Excluding pictures, what does the listing below contain from the line with "Osprey DAYLITE KIDS salmon pink/gentian blue" up to and including the line with "Paradise Pop. 10", word for word?

**Supplied material:**
+++

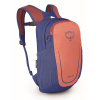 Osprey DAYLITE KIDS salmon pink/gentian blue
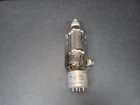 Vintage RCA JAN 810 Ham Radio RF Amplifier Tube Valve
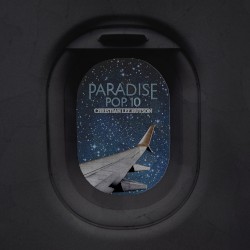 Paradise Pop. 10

+++

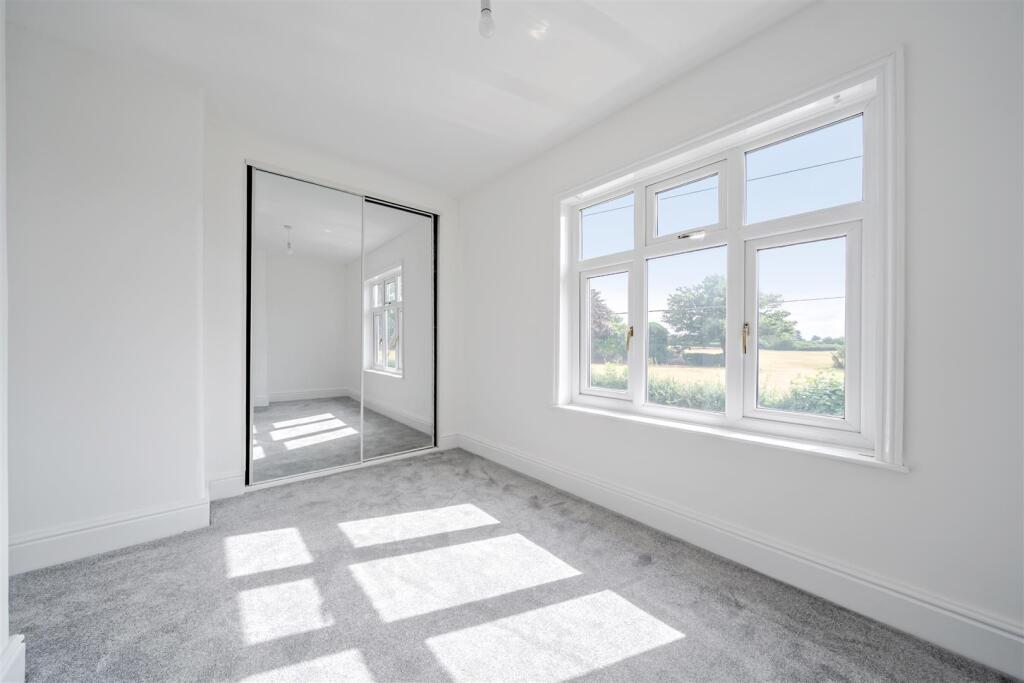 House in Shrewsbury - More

+++

**Response area:**
 Osprey DAYLITE KIDS salmon pink/gentian blue
 Vintage RCA JAN 810 Ham Radio RF Amplifier Tube Valve
 Paradise Pop. 10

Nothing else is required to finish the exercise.